Researchers have discovered another interesting vulnerability in the line of speculative execution attacks in Intel processors. This vulnerability has been named Load Value Injection (LVI), and is tracked as CVE-2020-0551. LVI is a new class of side-channel attacks that abuses microarchitectural flaws in processors to steal data.
Modern processors resistant to Meltdown, Foreshadow, ZombieLoad, RIDL and Fallout attacks are known to be vulnerable to LVI. Researchers also mention that this attack is harder to mitigate than the previous ones as it can gain access to any memory virtually. LVI attacks leave no trace in traditional log files and make it nearly impossible to spot an attack. The mitigations would include expensive software patches and could slow down the system by a factor of 2 to 19 times.
Understanding LVI: Cross-Domain Transient Execution Attacks
CVE-2020-0551 is a class of transient-execution attacks that adopts techniques from Spectre and Meltdown to cause a much deeper impact. There are two kinds of channels that get created during processor operations namely: legitimate channels and incident channels. Legitimate channels are those that are specifically designed to carry the data. The other channels which could contain information about variations in power consumption, state of CPU cache, etc. are incident channels. The incident channels whose inputs and outputs can be controlled are called covert channels. Those incident channels which allow an attacker to only read from it are called side channels.
Modern-day processors use speculative execution to improve their performance. If the CPU’s speculative value is correct, the processor continues the operation. In case the speculated value is wrong, then that value has to be discarded and the CPU resumes its operations with a correct value. These instructions that are created in case of wrong speculative values are called transient instructions. Although these instructions get discarded eventually, they leave an impact on the microarchitectural processor state in terms of creating incident channels.
Attackers intend to capture and monitor the information contained in incident channels and use it to their benefit. An attacker who can access the sensitive data; receive and transmit it over covert channels can launch a transient execution attack.
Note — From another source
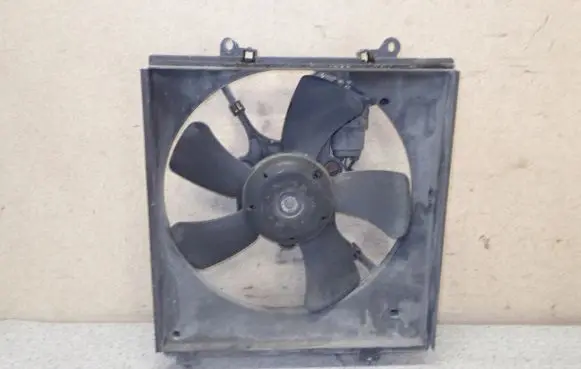 Hyundai Getz Air conditioning (A/C) fan (condenser)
A transient execution attack allows an attacker to make use of the side effects of transient instructions on the microarchitectural processor, thereby allowing him to access data that is protected by access control mechanisms.
There are three known types of transient execution attacks:
- Domain-Bypass Transient Execution Attack
- Cross-Domain Transient Execution Attack
- In-Domain Transient Execution Attack
The LVI attack is a Cross-Domain Transient Execution Attack. This attack could involve the use of Branch Target Injection(Spectre variant 2). A malicious ring 3 application (attacker) can control a branch predictor involved in speculative execution and connected to another ring 3 application(victim), and trick it into picking data such as a memory address of the attacker’s choice. This predicted data could help the attacker in transiently accessing and transmitting data over a covert channel before it gets discarded.
Click to view the LVI attack process
To sum up, under certain circumstances, the attacker can inject arbitrary data, thereby replacing the already existing data that gets loaded into the memory. The application will use this injected value until it realizes a fault has occurred and then rolls back all its operations. A short window when attacker induced data is being processed can be jeopardized to control the flow of data.
A number of variants of LVI could come into existence. Jo Van Bulck and his fellow researchers have outlined the variants that could come into existence. The attacks in the first level are those which use fault or assist type to trigger the transient execution. The variants in the second level use microarchitectural buffer as the injection source.
This attack is very complex in nature and Intel has itself declared that “LVI is not a practical exploit in real-world environments where the OS and VMM are trusted.”
Intel provides a full list of processors affected by this vulnerability.
An attacker can steal sensitive data such as fingerprints, passwords and keys from secure vaults on Intel processors. Bitdefender states that this vulnerability could be much devastating in
Intel has released a security advisory to help mitigate this vulnerability in Intel SGX SDK. Although software workarounds are available, the vulnerability primarily affects the underlying processors and therefore the software fixes cannot completely mitigate the flaw. It is still recommended to install the software updates on applicable systems as soon as possible.